Parasite (2019), di Bong Joon-ho, con Song Kang-ho, Lee Sun-kyun, Cho Yeo-jeong: Parasite l’ho visto per la prima volta, come più o meno tutti, qualche anno fa, rimanendone abbastanza sconvolto: il film è forte, ben fatto, intrigante ed inquietante allo stesso tempo. Ma non l’avevo, al tempo, fatto vedere a nessuno dei miei figli, temendo – non senza buone ragioni – che non fosse adatto. A distanza di qualche anno, complice il fatto che i figli son cresciuti e che mi sono trovato una sera a casa da solo col ragazzo più grande, gliel’ho proposto e fatto vedere, riguardandomelo anch’io. La storia probabilmente la conoscete già: ambientato in Corea del Sud, il film ripercorre le vicende di una famiglia estremamente povera che, tramite una serie di sotterfugi, riesce ad intrufolarsi nella casa di una famiglia invece ricca. Da lì nascono però una serie di problemi anche tragici. Il film ha vinto un sacco di premi, e meritatamente, e presto gli dedicherò anche un TikTok visto che lo si può usare come stimolo per qualche approfondimento filosofico; qui dirò solo che l’aspetto secondo me più interessante è che la pellicola descrive molto bene la nostra società contemporanea, in cui forme di “parassitismo” (per citare il tema centrale verso cui Bong Joon-ho ci orienta fin dal titolo) sono presenti ad ogni livello: i poveri possono cercare di sfruttare i ricchi, per ricavarne del denaro anche con l’inganno; i ricchi però possono a loro volta sfruttare i poveri, facendoli lavorare al posto proprio; i figli possono sfruttare le ingenuità dei genitori; i membri di una coppia i desideri dell’altro membro e così via. Siamo spesso tutti parassiti di qualcun altro, sfruttatori e sfruttati; e l’unico modo di uscire da questa spirale è, forse, non tanto il desiderio di rivalsa sociale, che ci porta solo ad alimentare lo sfruttamento, quanto quello che chiamerei il desiderio di rivalsa affettiva, la protezione che possiamo mettere in campo verso qualcuno che amiamo. Non so se questo fosse lo scopo di Bong Joon-ho, ma a me il film piace leggerlo anche così. Parasite attualmente non mi risulta sia presente sulle piattaforme di streaming, ma potete comprarlo a pochi euro in DVD o Blu-ray.
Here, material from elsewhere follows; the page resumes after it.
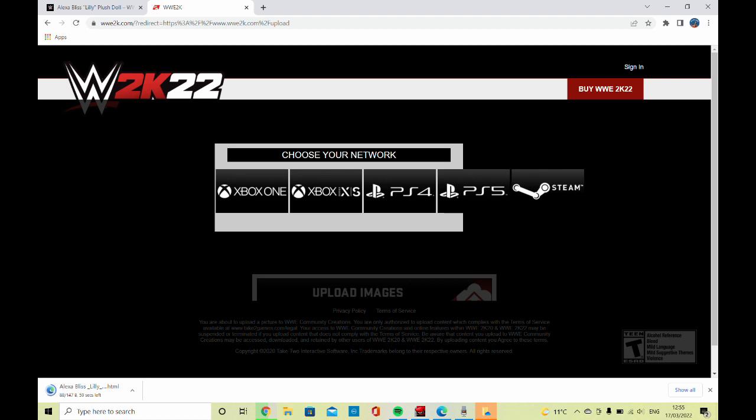Hello and welcome to Mind Games. Today on the channel we've been looking at how to upload images onto your WWE 2K22.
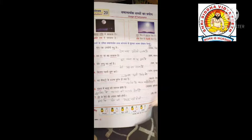यह घर का दरवाजा है। इस मकान का यह द्वार है — मतलब एक हो। जैसे सूरज को रवि भी कहते हैं, दिनकर भी कहते हैं, उसी तरीके से दरवाजा को द्वार भी कहते हैं, घर को मकान भी कहते हैं।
Bullet Train (2022), di David Leitch, con Brad Pitt, Aaron Taylor-Johnson, Brian Tyree Henry: qualche mese fa mia moglie e mio figlio, per una serie di coincidenze e circostanze fortuite, sono andati a vedere al cinema Bullet Train, film di cui non avevano praticamente mai sentito parlare. Sono tornati a casa però, quella sera, entusiasti, contenti per il ritmo e il dinamismo della pellicola. Da quel momento ci siamo detti: quando esce in streaming, anche se fosse a pagamento, ce lo guardiamo. E adesso il film in effetti è arrivato anche in tv, noleggiabile a 4 euro circa sulle varie piattaforme (altrimenti c’è già anche il DVD). A vederlo, si capisce perché possa essere piaciuto a moglie e figlio: è dinamico, ironico, pieno di personaggi pittoreschi. A volte forse si fa prendere un po’ troppo la mano e rischia di scivolare nel grottesco, ma diciamo che in generale regala un paio d’ore leggere e divertenti; bravi, inoltre, soprattutto gli attori, in particolare il navigato Brad Pitt. La trama, in due parole? Be’, su un treno superveloce che corre lungo le strade ferrate del Giappone si trovano a interagire tra loro vari killer a pagamento, assunti direttamente o indirettamente da un boss della malavita locale per ammazzarsi a vicenda. Un ruolo centrale in tutti gli omicidi e in tutti i duelli, però, verrà giocato dal fato, dal destino o dalla fortuna, a seconda dei punti di vista.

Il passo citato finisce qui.